→ The task: Every line of the material must be given again verbatim. Skip the images.

→ Collected data:
....................
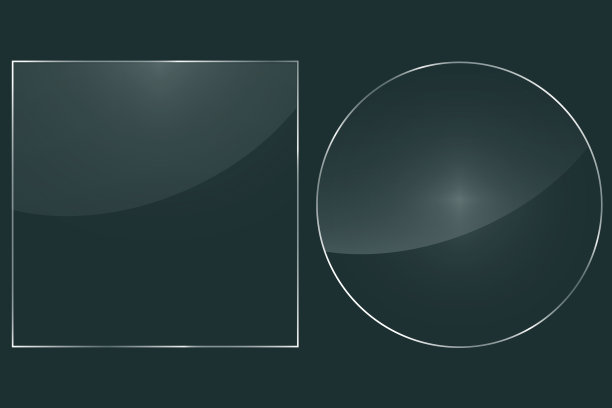 矢量纹理的透明圆形和方形玻璃制成。股票的照片。图片下载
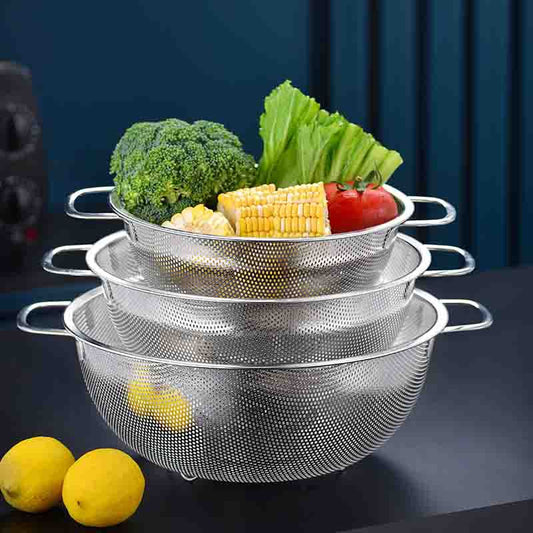Yurtrain Factory-Price Stainless Steel Vegetable Drainer Colander Strainer Big Rice Washer with Binaural Handle Metal Material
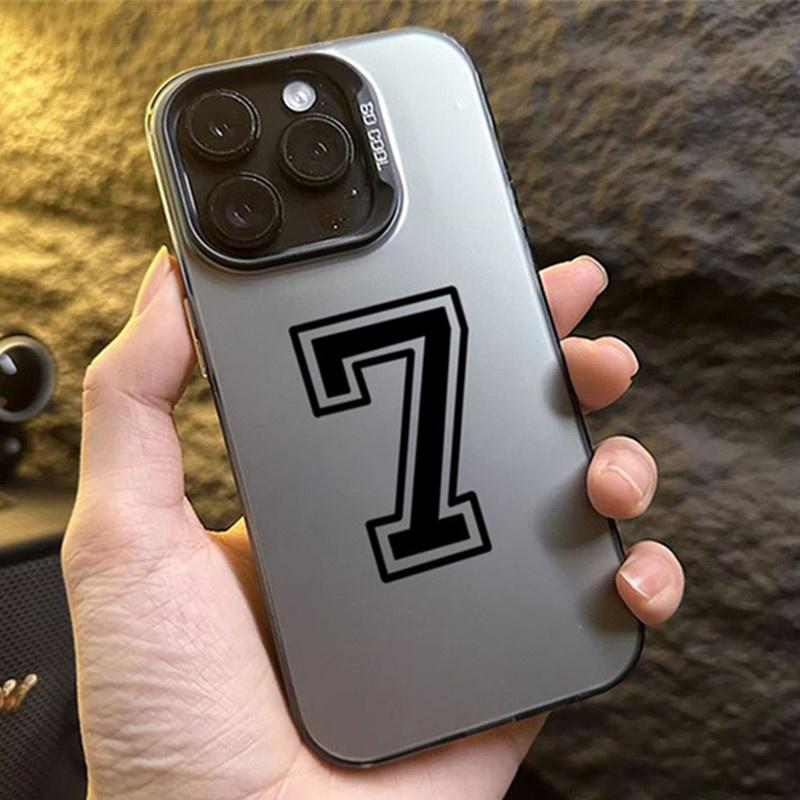 Phone Case For iPhone 16 15 14 Pro Max 11 12 13 Pro 7 8 Plus SE  X XS Lucky Numbers Football Electroplate Shockproof Cover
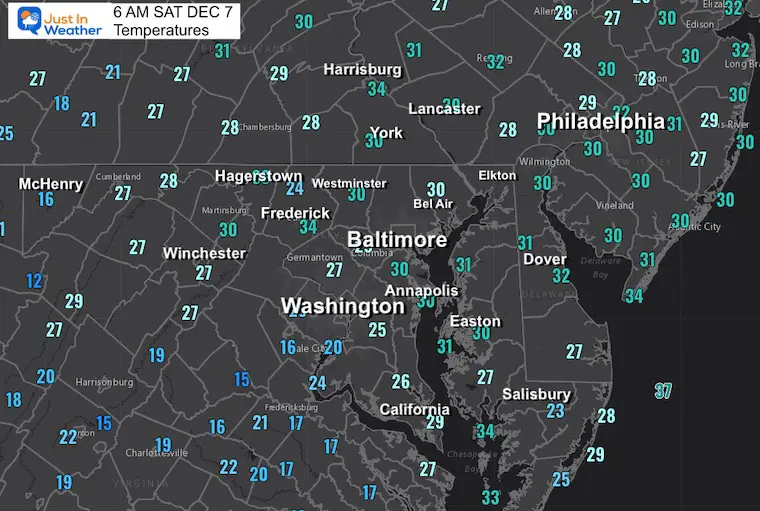 December 8 weather temperatures Saturday morning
....................
→ The answer:
 矢量纹理的透明圆形和方形玻璃制成。股票的照片。图片下载
Yurtrain Factory-Price Stainless Steel Vegetable Drainer Colander Strainer Big Rice Washer with Binaural Handle Metal Material
 Phone Case For iPhone 16 15 14 Pro Max 11 12 13 Pro 7 8 Plus SE  X XS Lucky Numbers Football Electroplate Shockproof Cover
 December 8 weather temperatures Saturday morning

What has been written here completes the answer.